Mar 19, 2009

Prince of Disco - Afghanistan's Change Candidate


Could we do worse than Karzai? Probably.

THE great-grandson of Afghanistan's legendary Iron Amir – who forced rogue courtiers to eat each other – has joined the race to be the country's next president.

Prince Abdul Ali Seraj, who opened Afghanistan's first nightclub in the 1970s, said it is time to launch "psychological warfare" against the Taleban and reclaim Islamic law from the extremists.

The royal insists Afghanistan needs a "change candidate" because President Hamid Karzai has failed. His great grandfather Abdur Rahman Khan ruled from 1880 to 1901, massacring tens of thousands on the battlefield, while executing and torturing hundreds more whom he suspected of dissent.

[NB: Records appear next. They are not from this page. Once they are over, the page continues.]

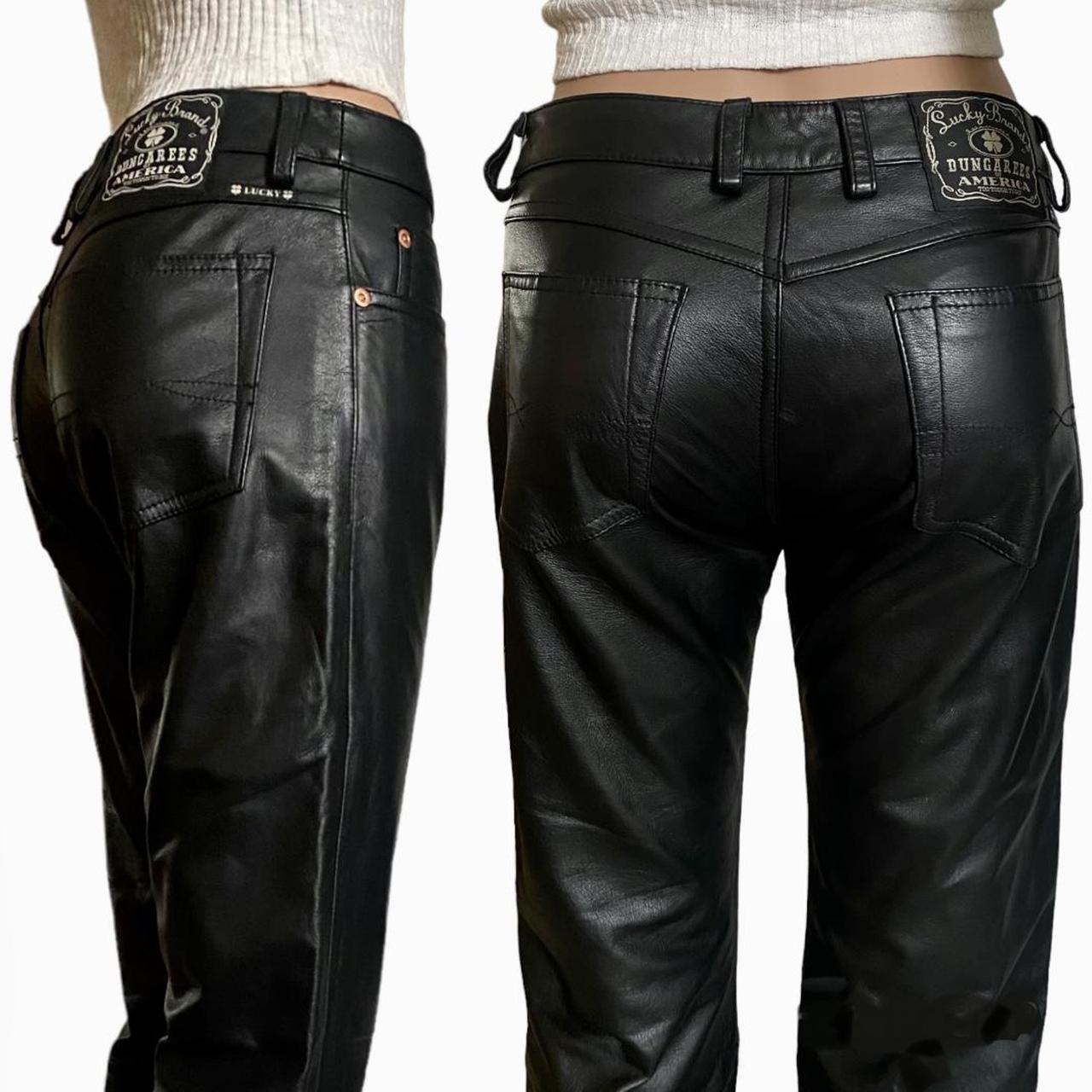 Black genuine soft leather jeans / pants ~ Lucky - Depop
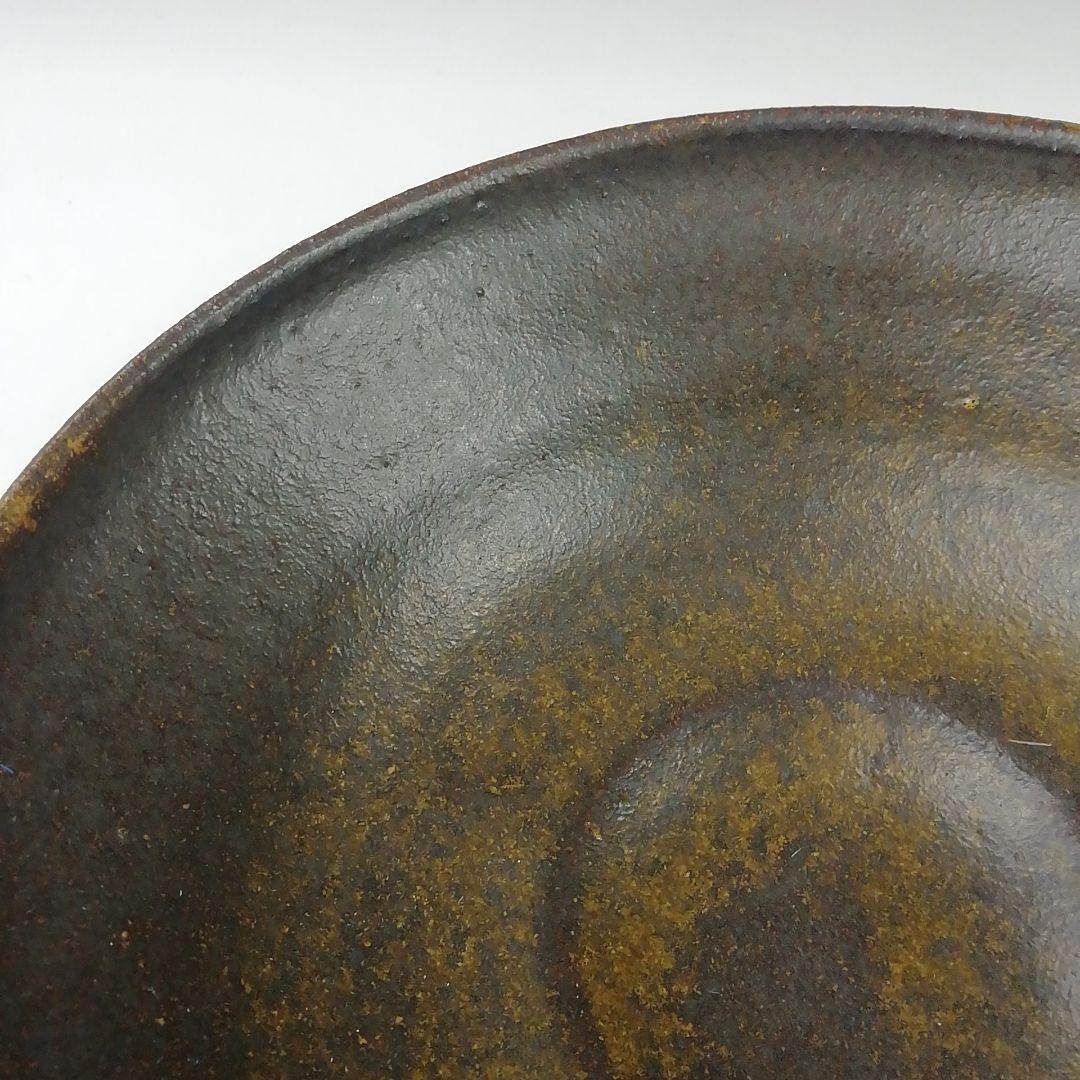 Ｔ３５５　茶碗　『笠間焼』『平茶碗』『河野章 作』　共箱　抹茶碗　茶道具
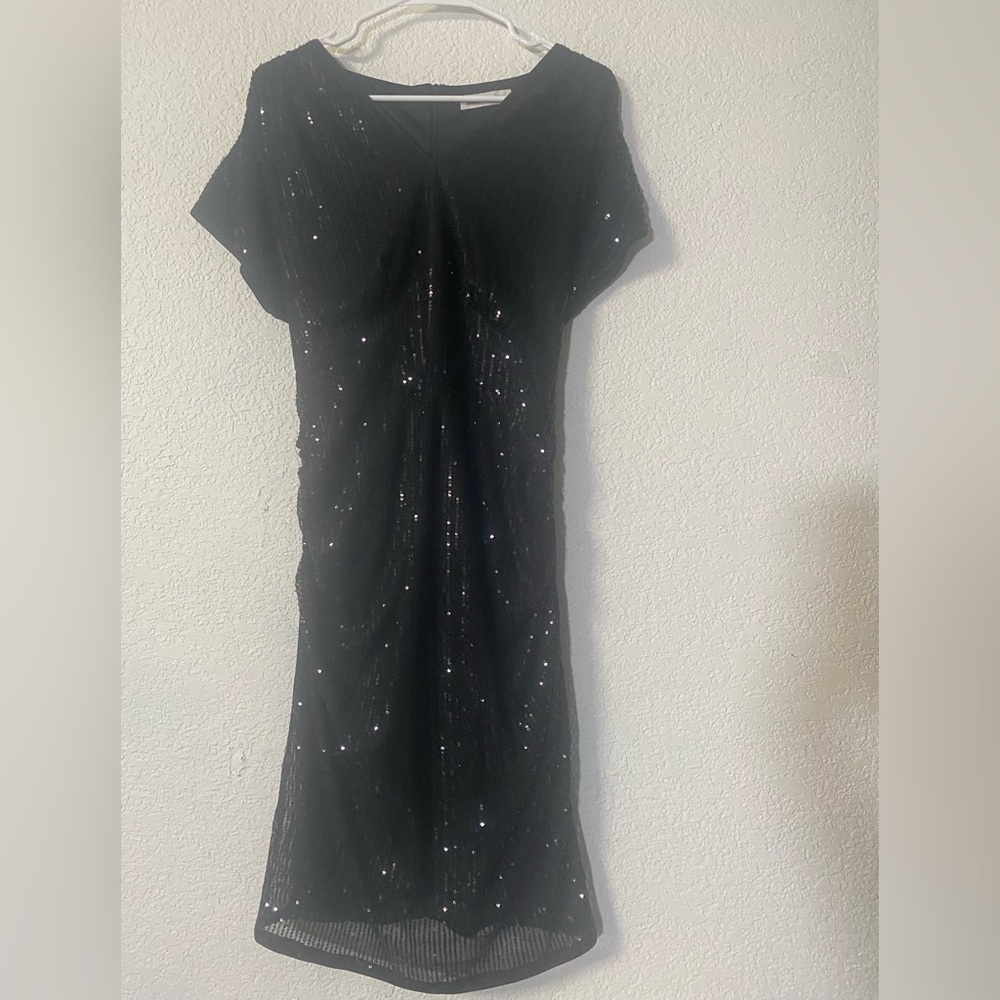 Grace Karin Elegant Black Sequin cocktail or party dress sheath silhouette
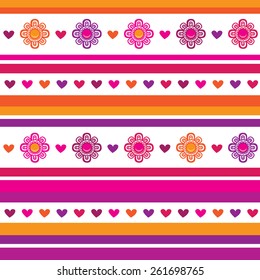 Horizontal seamless floral pattern. Flowers and hearts. Wrapping paper, cloth. Vector illustration.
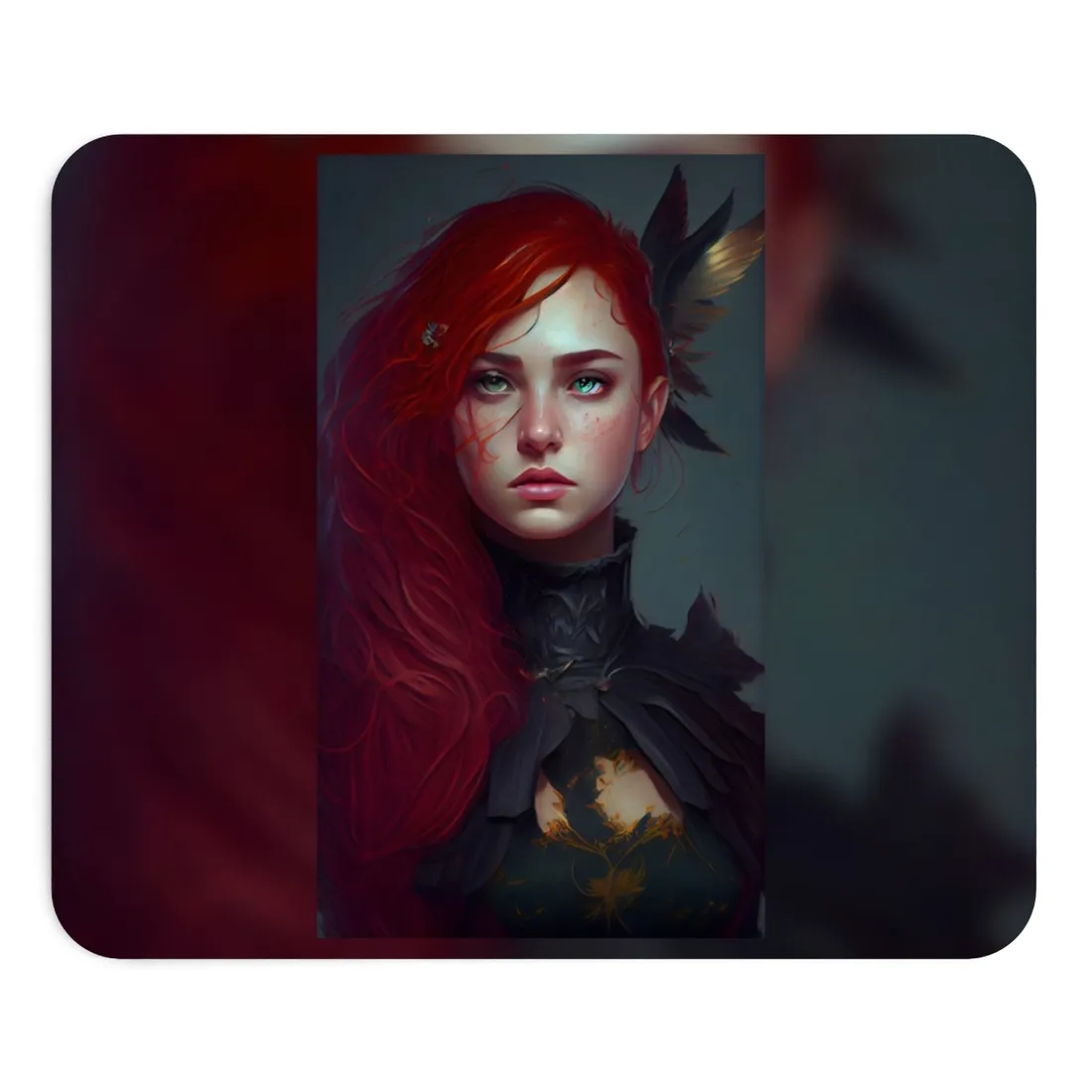 Vibrant Female Portrait: Red Hair Beauty in Neutral Dress - Mouse Pad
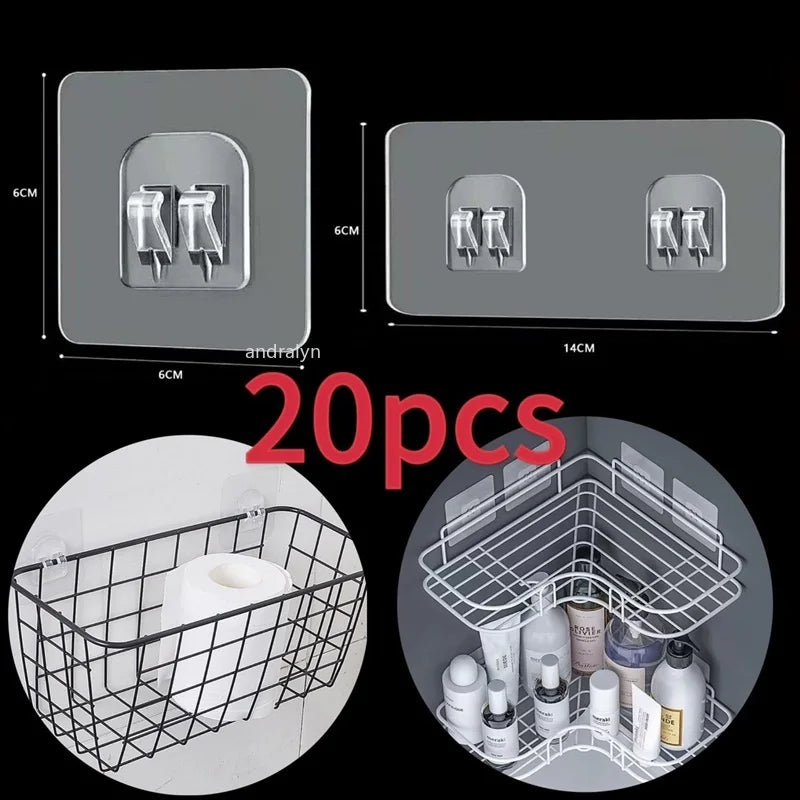 Seamless Adhesive Hooks Transparent Home Acrylic Strong Self Adhesive Hooks Bathroom Kitchen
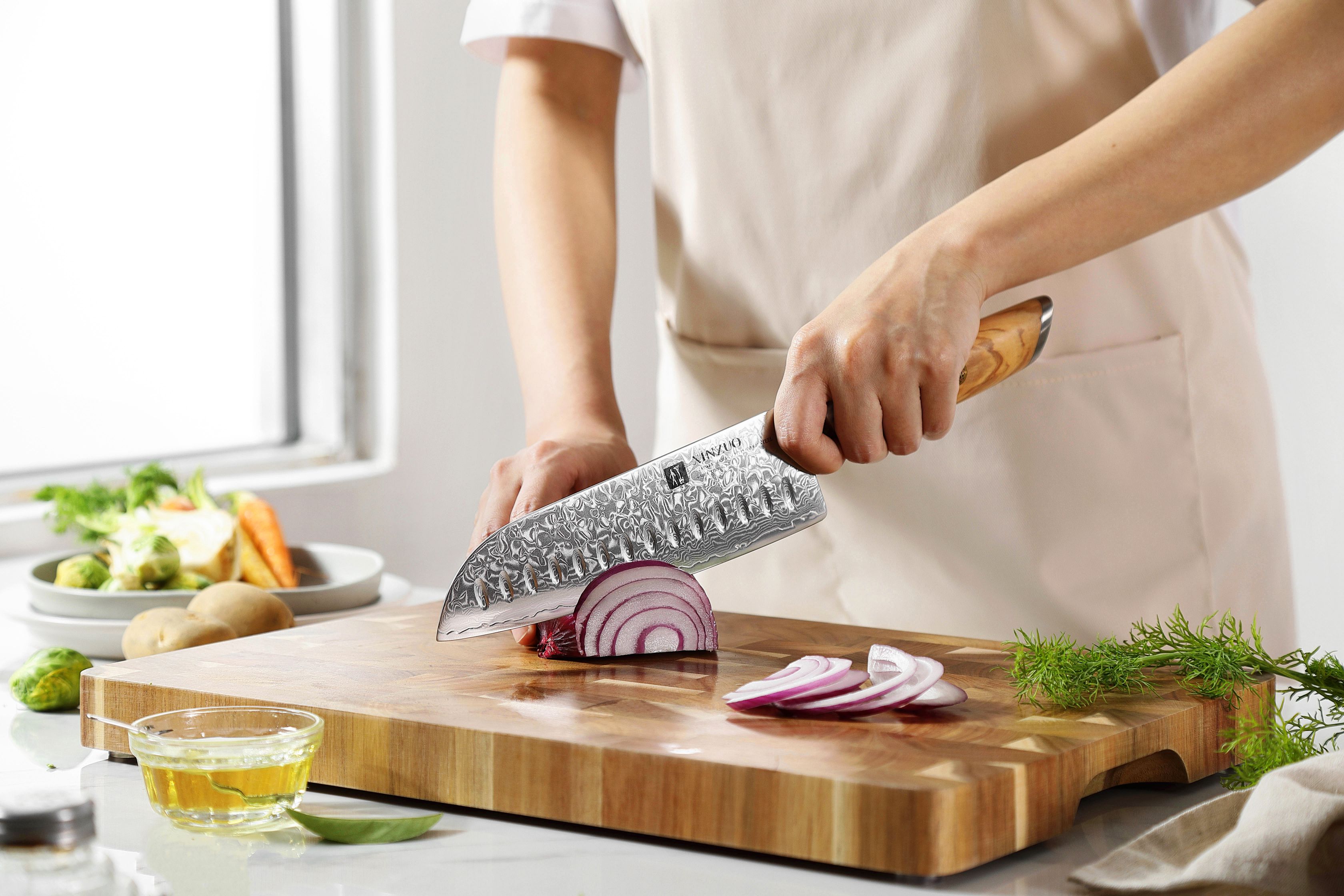 Nóż Santoku XinZuo Lan 7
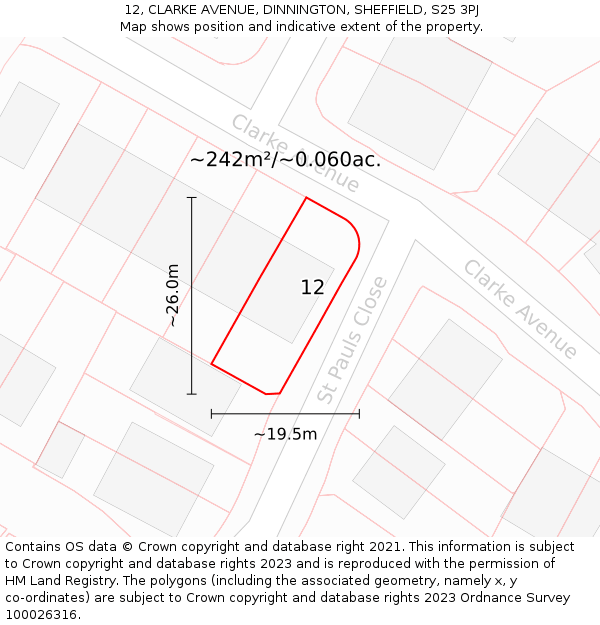 12, CLARKE AVENUE, DINNINGTON, SHEFFIELD, S25 3PJ: Plot and title map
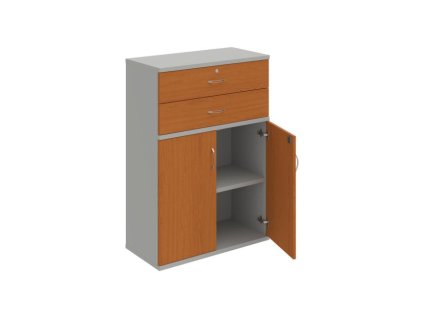 Policová skriňa Strong, zámok, 80x115,2x40 cm, čerešňa/sivá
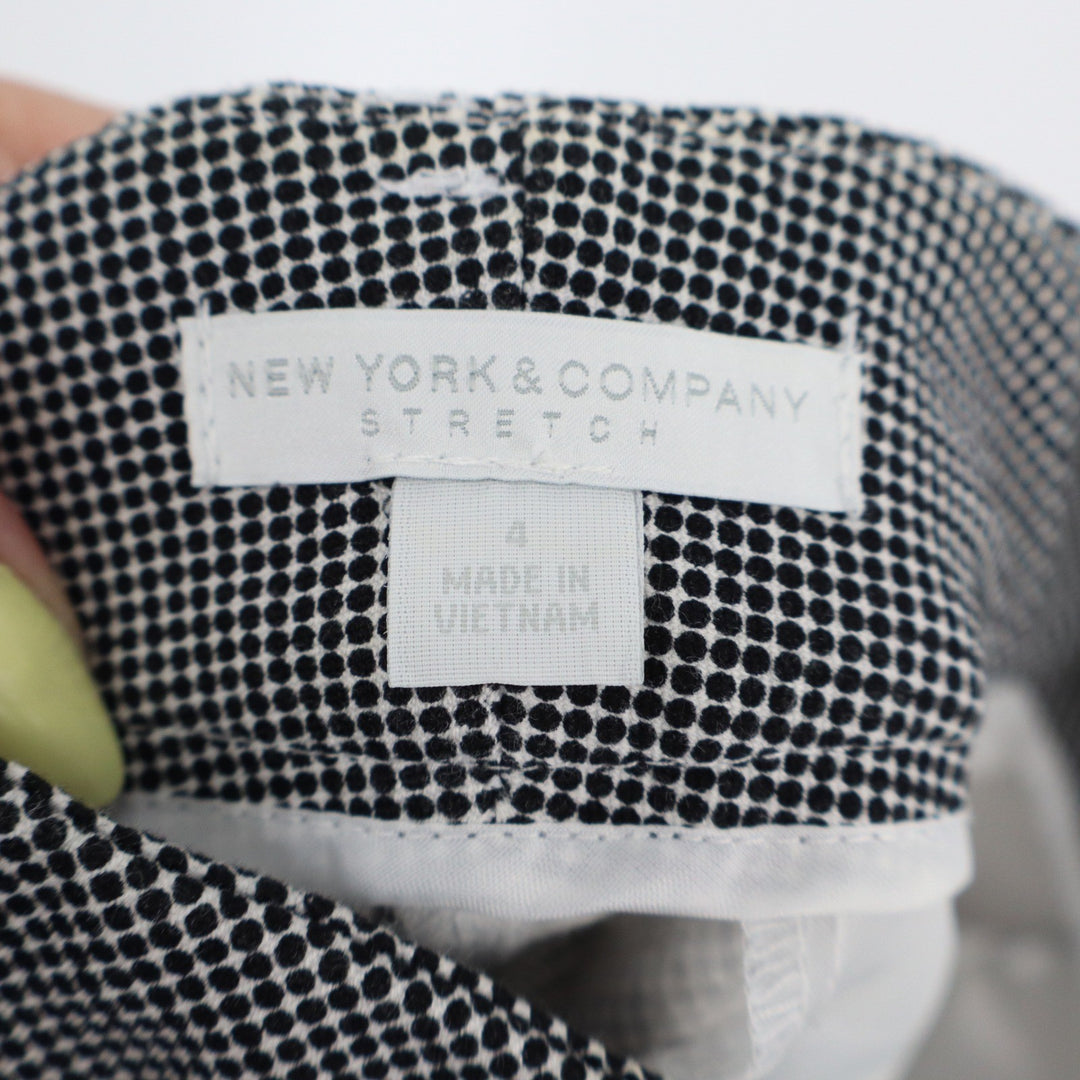 New York & Company Stretch Black White Micro Dot Ankle Pants Size 4 Slim Tapered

He made slaves of an entire province, yet he is fondly remembered inside Afghanistan as one of the few rulers in the last 250 years ever to unite country's various tribes and ethnic groups.

Prince Ali fled Afghanistan in 1978 after a communist coup, disguised as a hippy. He returned in 2002 after the Taleban collapsed, and says Abdur Rahman is his hero. "Afghanistan needs a strong leader," he said. "Afghan people have never rallied around policies; they have rallied around people."

He owes his life to a bunch of stoned Australian hippies who agreed to help smuggle him out of the country in their overland "love bus".

They even gave him a guitar, to disguise him, when secret police boarded the bus close to the Khyber Pass, at the border Pakistan border. "I had no idea how to play a guitar," he said. "But they just told me to strum it whenever they did, so I did."


He left behind a string of businesses including Kabul's first disco, called 25 Hours, a bowling alley and a Chinese restaurant.

Prince Ali describes himself as a child of the Sixties, but insists Afghanistan needs tough love, instead of free love. Echoing his great grandfather's nickname, he said the president needs an iron fist.

"Afghanistan needs a ruler with two heads," he said. "He needs compassion for 95 per cent of the people, and an iron fist for the other 5 per cent – the terrorists, al-Qaeda and corrupt officials."

-Scotsman

4 comments:

Anonymous said...

Are you kidding? This guy sounds great!

M1 said...

All in!

Pope Incontinentius XIII said...

Yeah, I bet the Hazaras are just thrilled at the idea of the reincarnation of Abdur Rahman.

M1 said...

A cat older than you, Patton?! Chr*st!